After a few days ’Maliketso and her husband were in a corrugated iron shack when the grandson screamed, pointing at another of their houses.
It was their one-roomed flat-roofed house with corrugated iron sheets. “We went to the house to see. There was a fiery figure that was very short in stature. When it saw us, the house started burning,” ‘Maliketso says.

The house was on fire for the whole week with neighbours helping to put down the fire but in vain.
It all defies logic but the family says it has lived through that gruelling ordeal.
“Friday of the following week it collapsed,” ’Maliketso says.

Not long after the collapse of the house, their only remaining shelter, a shack, also caught fire.
“We were coming from town when we found the shack on fire,” ’Maliketso says, adding: “The shack was our last hope. It had all of the things we needed and now all of what we owned has been burnt to ashes.”
The neighbours helped the couple build another shack but the troubles were far from over.
The invisible being started pelting the family with stones.

“We were hit with stones day and night, especially when we were resting,” ’Maliketso says. Sometimes the stones would just hit heavily on the roof of the shack. “Constantly the stones were thrown at us by the unseen figure,” ’Maliketso said. That is when the family turned to the village chief for help.

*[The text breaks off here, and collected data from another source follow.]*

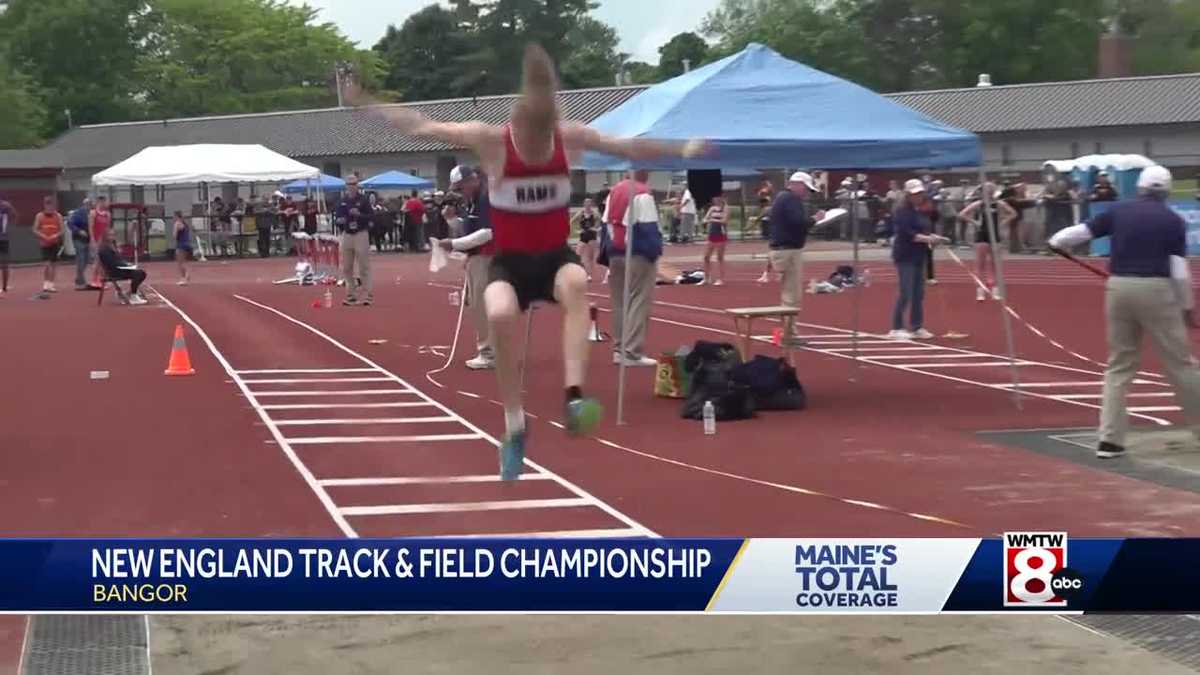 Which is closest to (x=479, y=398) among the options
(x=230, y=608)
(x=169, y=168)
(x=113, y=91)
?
(x=230, y=608)

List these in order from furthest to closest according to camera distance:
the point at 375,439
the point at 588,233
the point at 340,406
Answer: the point at 588,233, the point at 340,406, the point at 375,439

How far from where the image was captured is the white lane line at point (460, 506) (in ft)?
34.8

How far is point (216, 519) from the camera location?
10.2m

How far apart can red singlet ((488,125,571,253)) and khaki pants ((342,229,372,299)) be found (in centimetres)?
1810

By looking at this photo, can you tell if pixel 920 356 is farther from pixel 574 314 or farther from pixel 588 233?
pixel 588 233

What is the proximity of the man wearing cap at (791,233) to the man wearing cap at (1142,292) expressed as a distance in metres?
6.05

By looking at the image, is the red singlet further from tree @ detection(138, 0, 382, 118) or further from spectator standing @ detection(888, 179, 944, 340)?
tree @ detection(138, 0, 382, 118)

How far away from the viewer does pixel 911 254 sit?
67.4ft

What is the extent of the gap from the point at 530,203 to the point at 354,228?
18124mm

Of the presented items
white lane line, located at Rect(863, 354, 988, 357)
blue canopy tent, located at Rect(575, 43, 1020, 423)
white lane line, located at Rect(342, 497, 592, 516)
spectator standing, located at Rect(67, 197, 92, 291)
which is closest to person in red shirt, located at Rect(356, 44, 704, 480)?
white lane line, located at Rect(342, 497, 592, 516)

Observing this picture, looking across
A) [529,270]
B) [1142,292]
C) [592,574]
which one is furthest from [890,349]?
[592,574]

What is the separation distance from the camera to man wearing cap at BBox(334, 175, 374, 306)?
2525cm

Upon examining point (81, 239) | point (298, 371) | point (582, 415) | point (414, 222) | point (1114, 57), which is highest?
point (1114, 57)

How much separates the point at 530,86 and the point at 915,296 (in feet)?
49.3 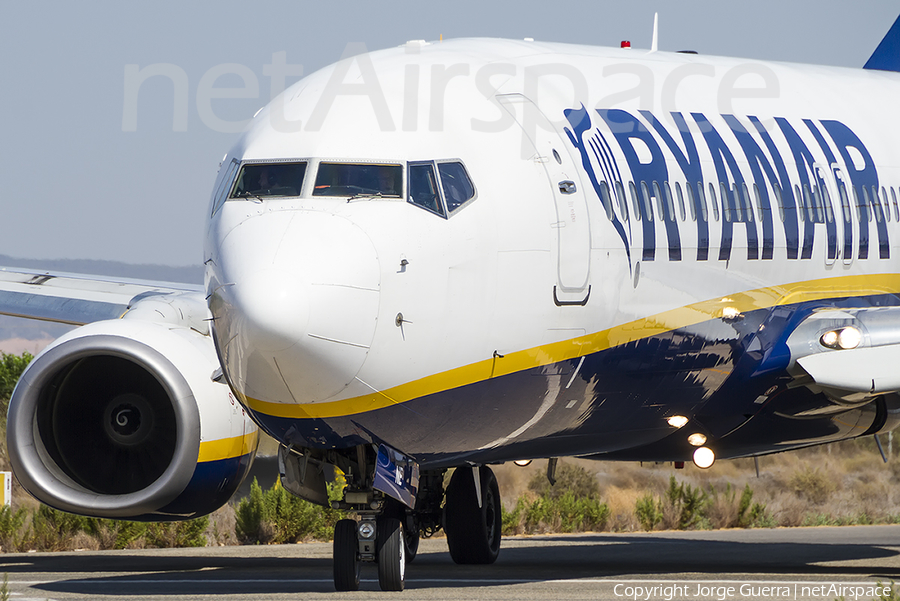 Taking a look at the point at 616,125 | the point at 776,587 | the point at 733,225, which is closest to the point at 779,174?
the point at 733,225

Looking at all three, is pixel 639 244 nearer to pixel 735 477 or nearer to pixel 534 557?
pixel 534 557

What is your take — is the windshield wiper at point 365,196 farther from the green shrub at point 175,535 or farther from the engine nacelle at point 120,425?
the green shrub at point 175,535

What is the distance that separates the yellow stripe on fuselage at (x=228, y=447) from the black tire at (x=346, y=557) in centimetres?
219

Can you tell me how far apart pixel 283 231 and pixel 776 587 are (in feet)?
17.0

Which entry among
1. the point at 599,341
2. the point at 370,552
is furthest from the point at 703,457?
the point at 370,552

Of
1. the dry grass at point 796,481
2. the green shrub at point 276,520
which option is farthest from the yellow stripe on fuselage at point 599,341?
the dry grass at point 796,481

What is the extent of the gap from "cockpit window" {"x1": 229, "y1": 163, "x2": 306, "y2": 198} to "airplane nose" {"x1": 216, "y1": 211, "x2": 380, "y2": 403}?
0.35 metres

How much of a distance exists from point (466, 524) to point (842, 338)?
466 cm

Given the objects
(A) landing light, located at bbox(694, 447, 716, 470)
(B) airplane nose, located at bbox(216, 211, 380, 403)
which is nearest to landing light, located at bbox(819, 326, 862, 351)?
(A) landing light, located at bbox(694, 447, 716, 470)

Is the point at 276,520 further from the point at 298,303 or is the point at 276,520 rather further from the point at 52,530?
the point at 298,303

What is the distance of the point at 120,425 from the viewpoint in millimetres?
13930

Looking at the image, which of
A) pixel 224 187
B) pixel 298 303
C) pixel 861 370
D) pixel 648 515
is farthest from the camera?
pixel 648 515

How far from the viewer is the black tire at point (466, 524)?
15.9m

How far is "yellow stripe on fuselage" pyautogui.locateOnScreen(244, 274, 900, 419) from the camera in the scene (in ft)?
33.2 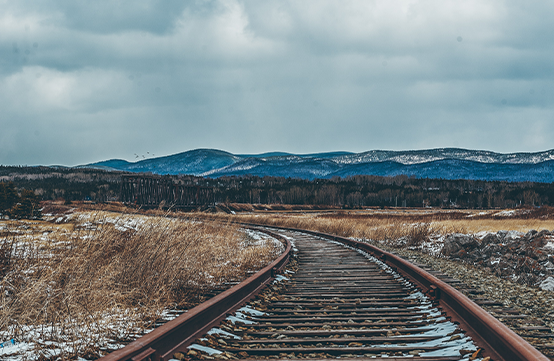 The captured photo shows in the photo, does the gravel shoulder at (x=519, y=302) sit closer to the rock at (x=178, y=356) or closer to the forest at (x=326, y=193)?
the rock at (x=178, y=356)

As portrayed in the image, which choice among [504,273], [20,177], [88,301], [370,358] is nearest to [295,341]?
[370,358]

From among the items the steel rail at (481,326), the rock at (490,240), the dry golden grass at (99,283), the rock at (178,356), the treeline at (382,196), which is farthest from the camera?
the treeline at (382,196)

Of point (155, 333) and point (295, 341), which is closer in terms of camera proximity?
point (155, 333)

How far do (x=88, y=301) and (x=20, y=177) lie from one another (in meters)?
189

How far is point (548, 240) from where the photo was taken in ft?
25.9

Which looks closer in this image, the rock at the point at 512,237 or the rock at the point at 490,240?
the rock at the point at 512,237

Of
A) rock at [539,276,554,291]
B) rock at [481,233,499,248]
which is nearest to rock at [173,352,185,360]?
rock at [539,276,554,291]

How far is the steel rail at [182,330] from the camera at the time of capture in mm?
2660

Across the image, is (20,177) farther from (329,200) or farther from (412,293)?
(412,293)

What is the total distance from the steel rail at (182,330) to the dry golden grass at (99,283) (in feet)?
1.45

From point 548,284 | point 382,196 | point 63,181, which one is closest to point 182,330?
point 548,284

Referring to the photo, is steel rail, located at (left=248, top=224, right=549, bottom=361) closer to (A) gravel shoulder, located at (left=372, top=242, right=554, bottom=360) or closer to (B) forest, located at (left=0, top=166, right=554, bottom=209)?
(A) gravel shoulder, located at (left=372, top=242, right=554, bottom=360)

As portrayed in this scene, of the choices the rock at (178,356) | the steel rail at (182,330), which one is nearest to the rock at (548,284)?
the steel rail at (182,330)

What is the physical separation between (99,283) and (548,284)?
6.28m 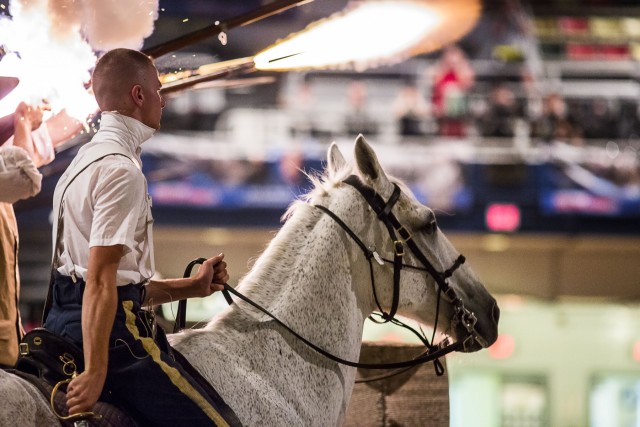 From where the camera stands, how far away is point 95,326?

The chief offered the family a house to sleep in and that very night one of the chief’s houses mysteriously caught fire. “The chief told us to leave his house because he was not ready to have all of his houses burnt down with fire,” says ’Maliketso. The family turned to Mapoteng police station, from where they were transferred to the District Administrator’s office in Teya-Teyaneng. When thepost visited the family in Teya-Teyaneng last week, the couple were in a small room temporarily given to them by the District Administrator while the Social Development Ministry seeks resources to build them a new house away from Mapoteng.

thepost crew could not hold the interview in the house because it was too small, approximately 3 by 3 metres. Food parcels, clothing and cooking utensils donated to them could not fit in the room. ‘Maliketso says since their arrival in Teya-Teyaneng in September, the thokolosi has not bothered them. One of the grandchildren vowed never to return to Mapoteng.

“People suffer there. I don’t want to go there,” he says. His grandfather, Tumahole Tsibela, says he “would rather die than go back to that unfortunate place I called my home”. “It was frightening. We could not see who was throwing stones at us,” he says. ’Maliketso, on the other hand, believes that she will eventually return home.

“Whoever is doing this, and we know her and she needs to come to us and tell us why all of this is being done to us. We need to reconcile,” ’Maliketso said, without naming the suspected witch. Thokolosi, according to sangomas, are real.
A traditional doctor (some prefer to call them witchdoctors) Tlhokomelo Semanama says thokolosi exists and can come in various forms.

“It only depends on what the creator (of the thokolosi) used to create the thokolosi, it can be a monkey, a dog or sometimes a child who died because of being bewitched for his or her image to be used,” Semanama says.